Hay voces que no ven este escenario como algo dramático; más
bien al contrario. El físico Geoffrey West explicó durante una conferencia en
TEDGlobal que la economía de escala y las leyes matemáticas anticipan que, si
bien buena parte de los problemas de sostenibilidad (medioambiental, económica,
energética) emanan de la organización humana en las ciudades, los núcleos
urbanos también forman parte de la solución: son los centros de innovación y
creación de riqueza. Según su teoría, si se dobla la población de una ciudad,
la escalabilidad, por ejemplo, de los salarios, el número de patentes o de
ciudadanos creativos, las enfermedades, la cantidad de residuos generados,
etc., no se duplica, sino que crece aproximadamente un 15%, con un ahorro
similar al de optimizar el uso de las infraestructuras. El urbanista Pedro Royo
añade: «Las ciudades no son más que una manifestación física de los seres
humanos. No hay que verlas como cárceles de cemento, porque en definitiva se
van adaptando a lo que queremos que sea nuestro hábitat. Lo estamos viendo en
Madrid y otras capitales de Occidente: cada vez se restringe más el uso del
coche, que finalmente se acabará desterrando del centro. Así se ganará espacio
y aire limpio.
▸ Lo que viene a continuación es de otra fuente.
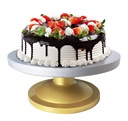 PANCA Cake Decorating & Icing Turntable | Signature Edition 12-tums 360° Rotating Cake Stand för Baking & Serving | Fiber Cake Turntable med Silver Top & Golden Base | Professional Cake Decorating Stand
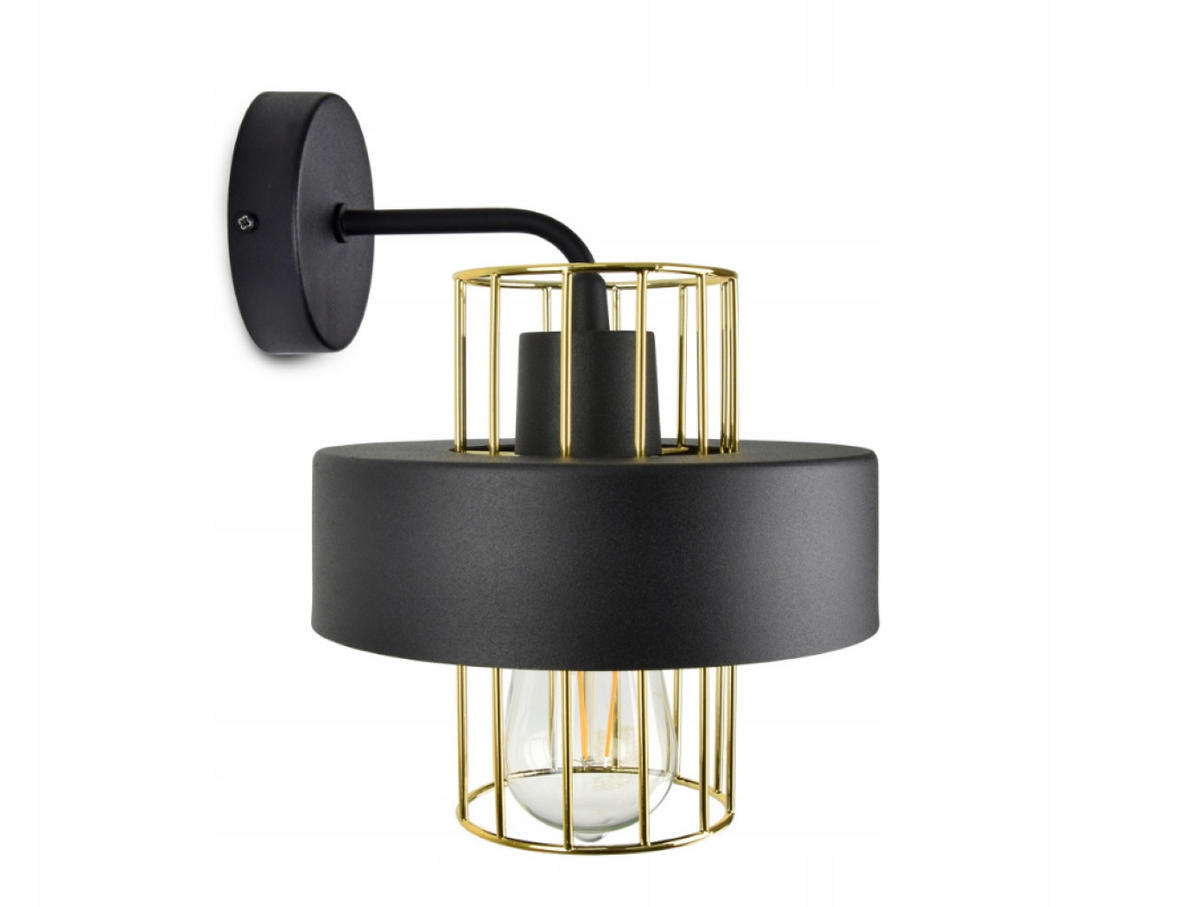 WANDLEUCHTE LOFT - Goldfarben/Schwarz, Metall (22/26/20cm) - kiki design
En definitiva: según vaya creciendo la población de los núcleos
urbanos, los iremos haciendo más habitables».
La superpoblación no es el gran problema de nuestro siglo.
Sí su gestión. Hay que buscar el punto medio entre las tesis catastrofistas de
Ehrlich o Malthus y las, tal vez, excesivamente optimistas de David Lam: el
economista estadounidense asegura que si, tras la explosión demográfica de la
década de los 60, hemos llegado a la situación actual, con los niveles de
pobreza más bajos de la historia y el mayor número de alimentos per cápita,
significa que el ser humano tiene recursos de sobra para avanzar en cualquier
situación. Su colega Stan Becker criticó que no incluyera en su tesis
indicadores medioambientales realistas, porque ahí radica el verdadero
problema: el uso desmedido de los recursos y la degradación acelerada del
planeta. Incluso los mencionados Corey Bradshaw y Barry Brook añadían en su
radical estudio sobre la necesidad de reducir la población: «Nada de esto
tendrá eficacia si no priorizamos el consumo y la explotación sostenibles».